Not entirely sure what the average GETH Ethereum node user has, how much RAM (32, 64GBs), but the current Ethereum’s state is way over that. The more you overflow it the more often the OS produces a cache miss or page fold that results in reaching down to disk.
The same happens with pruning. I can prune and stuff a certain amount of stuff of data into the pruning algorithm but as the blocks or state grows I either need to raise that limit or keep leaking more data down to disk. This is a self-referencing cycle because the more the state grows the less RAM there is to operate in it. The faster the state grows the less RAM there is to operate in it. What happens is that we eventually revert back to the original TPS cap produced by the hard drive.
The question is; Big state is bad, how big is bad?
How fast does it grow? The faster it grows the worse it gets.
- Example June 5, 2022 - Sunday
- ~0.64 accounts/s, 7.8 storage slots/s
- ~31.7 B/s for accounts, 593 B/s for storage ~= 54MB/day, 19.7 GB/yr
- Catch: above growth is pure useful state data (no merkle proofs)
- Account trie weighs 155.2B/acc, storage tries weigh ~142.3B/slot
- Trie grows 99.3B/s for accounts, 1110 B/s for storage ~= 104.5MB/day, 38.2GB/yr
- Data was interpolated on a Sunday can be 2-3x more during the week. Perhaps 50-100 GBs per year is a better estimate for the raw state needed for contract execution.

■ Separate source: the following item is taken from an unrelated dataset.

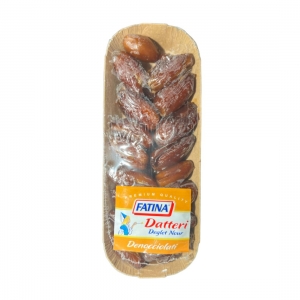 Fatina pitted deglet nour dates 200 Gr.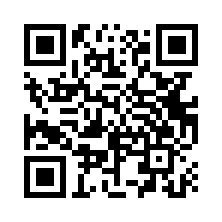QR Code for bitcoin:18pCMX6MXT2vNizaBFXmsT3r84RvQWvYKZ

- Is this a lot or acceptable? If I have 64 GBs of RAM then piling 100 GBs per yr on top of it uses it up fast.
What does this all mean?
Ethereum (along with all its forks) is on a potential death trajectory - if you take any of the Ethereum networks and just stick a constant transaction throughput on it the state wilkl grow. Binance smart chain was growing at 2.5 TB/yr at one point for example.
- Constant TPS => state growth => higher RAM => more IOPS => lower TPS => brick wall
- Mainnet can do a lot more TPS, it brings the brick wall closer
- This is kind of a race against time. Can we keep that brick wall far away so it doesn’t impact us in a detrimental way?
The moment we revert to hard drives is the moment we impose hard limits.
But does the brick wall need to exist?
- EIP 4444 - Bound Historical data in execution clients (doesn’t help state growth)
- EIP 4844 - Shard blob transactions (Move data to L2s and delete the data at L1)
- Neither touch on raising capacity or moving brick wall forward, we are kind of running out of time
- State rent or exponential costs
- Possibly stateless clients
- This does mean no solution exists currently, and Ethereum ahs time. If you look at other chains who are pushing the limits super hard is they will beat Ethereum to the brick wall on chain growth.
- You can see some of this on BSC when you dig through their issue tracker
Ethereum’s TPS is deliberately low. We could push it significantly harder, but it would give us a significantly shorter time span to fix things. The good news is we are trying, and we have pioneers pushing it harder than us, so we can learn from them.
What if computers just get better and fast enough?
That would be nice, but they don’t. Computers get better in certain areas, but current limitations are disk latency - The best in class is PCIe NVMe hard drives which can do ~ 1M IOPS per second which translates to ~2000 TPS, perhaps. There is nothing really coming that will make it significantly faster. There are always some fancy technologies you can deploy in a DC if you want to spend money, Ethereum tends to take the more public approach where anyone can run a node. Then you need to keep the hardware requirements within reasonable levels. Probably nothing coming for average users to make it 10x better. Long-story short is L2s are the way to go and L1 needs to be kept in reasonable shape.